[PATCHv4 00/43] ext4: support of huge pages

From: Kirill A. Shutemov
Date: Mon Oct 24 2016 - 20:19:42 EST


Here's respin of my huge ext4 patchset on top of v4.9-rc2 with couple of
fixes (see below).

Please review and consider applying.

I don't see any xfstests regressions with huge pages enabled. Patch with
new configurations for xfstests-bld is below.

The basics are the same as with tmpfs[1] which is in Linus' tree now and
ext4 built on top of it. The main difference is that we need to handle
read out from and write-back to backing storage.
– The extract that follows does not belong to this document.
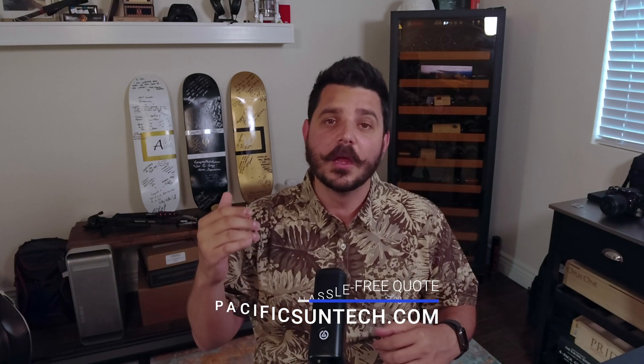We make the process of switching to green power easy and affordable. So go ahead and request a hassle-free quote today. Thanks for watching. I'll see you in the next one.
As with other THPs, the implementation is build around compound pages:
a naturally aligned collection of pages that memory management subsystem
[in most cases] treat as a single entity:

- head page (the first subpage) on LRU represents whole huge page;
- head page's flags represent state of whole huge page (with few
exceptions);
- mm can't migrate subpages of the compound page individually;

For THP, we use PMD-sized huge pages.

Head page links buffer heads for whole huge page. Dirty/writeback/etc.
tracking happens on per-hugepage level as all subpages share the same page
flags.

lock_page() on any subpage would lock whole hugepage for the same reason.
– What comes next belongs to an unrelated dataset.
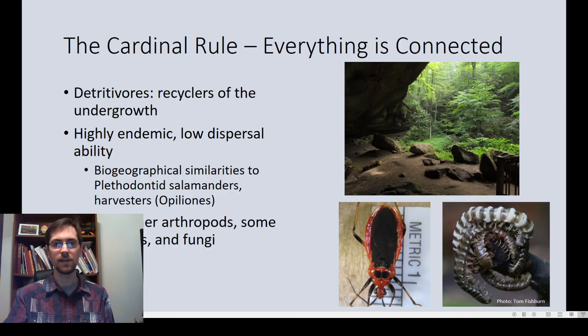The theme for today's conference is that everything is connected, so let's examine the role millipedes play in their ecosystem. Their main role is as detritivores — they eat dead leaves and other dead plant material, making them the recyclers of the undergrowth. They churn through the leaf litter, which helps with soil formation and breaks down dead plant material into smaller pieces so microorganisms can unlock the nutrients. Millipedes themselves are highly endemic and have low dispersal abilities, so their distributions are heavily influenced by physical features like mountains or rivers, and in Ohio, glaciation has strongly affected where they occur.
On radix-tree, a huge page represented as a multi-order entry of the same
order (HPAGE_PMD_ORDER). This allows us to track dirty/writeback on
radix-tree tags with the same granularity as on struct page.

We read out whole huge page at once. It required bumping BIO_MAX_PAGES to
not less than HPAGE_PMD_NR. I defined BIO_MAX_PAGES to HPAGE_PMD_NR if
huge pagecache enabled.

On IO via syscalls, we are still limited by copying upto PAGE_SIZE per
iteration. The limitation here comes from how copy_page_to_iter() and
copy_page_from_iter() work wrt. highmem: it can only handle one small
page a time.

On write side, we also have problem with assuming small pages: write
length and offset within page calculated before we know if small or huge
page is allocated. It's not easy to fix. Looks like it would require
change in ->write_begin() interface to accept len > PAGE_SIZE.
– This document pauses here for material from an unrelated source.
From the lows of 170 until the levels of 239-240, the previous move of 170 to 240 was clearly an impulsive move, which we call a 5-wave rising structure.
On split_huge_page() we need to free buffers before splitting the page.
Page buffers takes additional pin on the page and can be a vector to mess
with the page during split. We want to avoid this.
If try_to_free_buffers() fails, split_huge_page() would return -EBUSY.

Readahead doesn't play with huge pages well: 128k max readahead window,
assumption on page size, PageReadahead() to track hit/miss. I've got it
to allocate huge pages, but it doesn't provide any readahead as such.
I don't know how to do this right. It's not clear at this point if we
really need readahead with huge pages. I guess it's good enough for now.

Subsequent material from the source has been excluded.